WHAT YOU SHOULD DO:
Using the records below, quote only the span that opens with the line containing "Georgette Readymade Designer" and closes with the line containing "Hottest strip darts end in lost bet blowjob", exactly and inclusively.
── DATA EXTRACT
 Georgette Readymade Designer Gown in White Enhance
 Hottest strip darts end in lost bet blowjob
────
── DATA EXTRACT
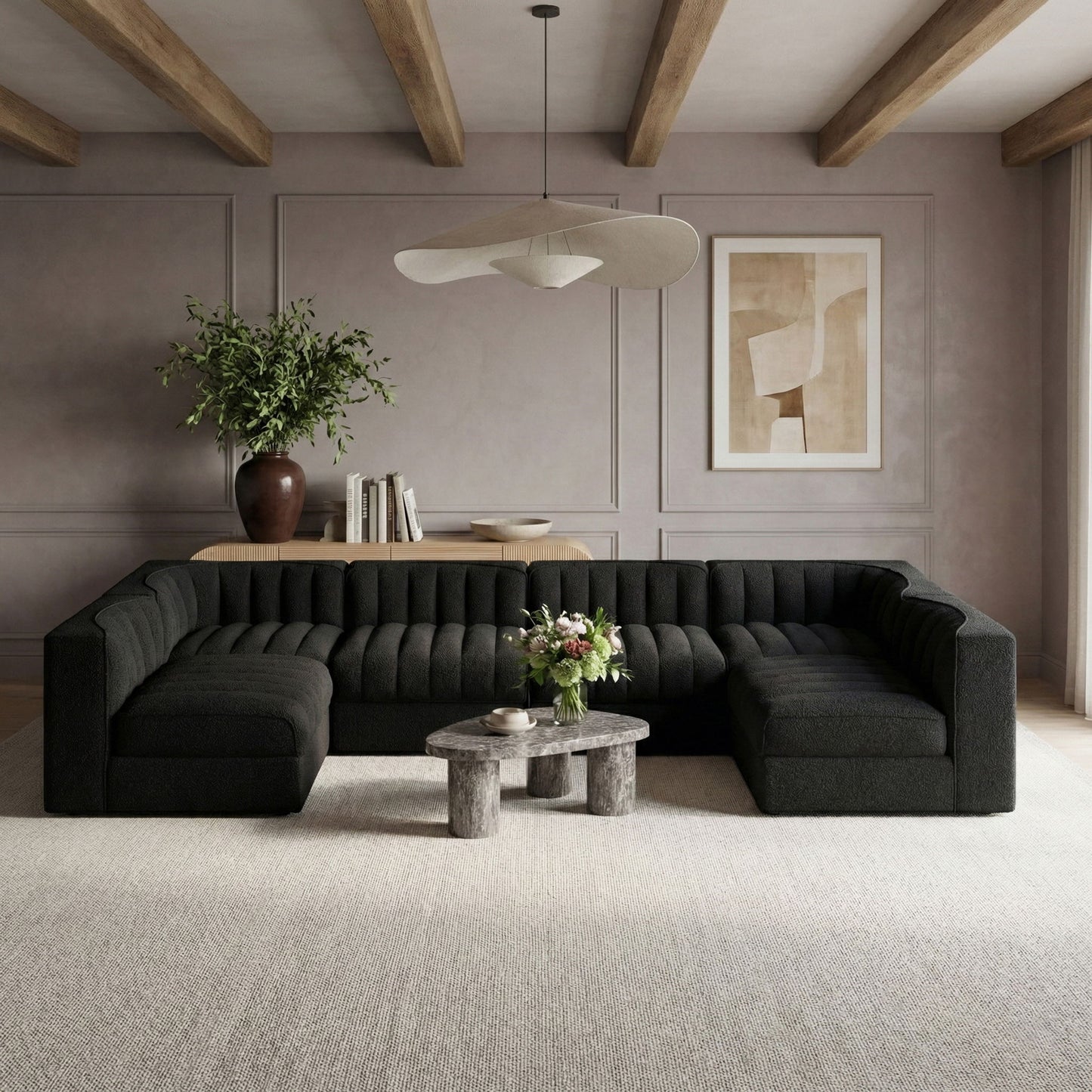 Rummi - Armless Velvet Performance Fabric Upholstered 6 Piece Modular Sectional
────
SOLVED EXERCISE:
 Georgette Readymade Designer Gown in White Enhance
 Hottest strip darts end in lost bet blowjob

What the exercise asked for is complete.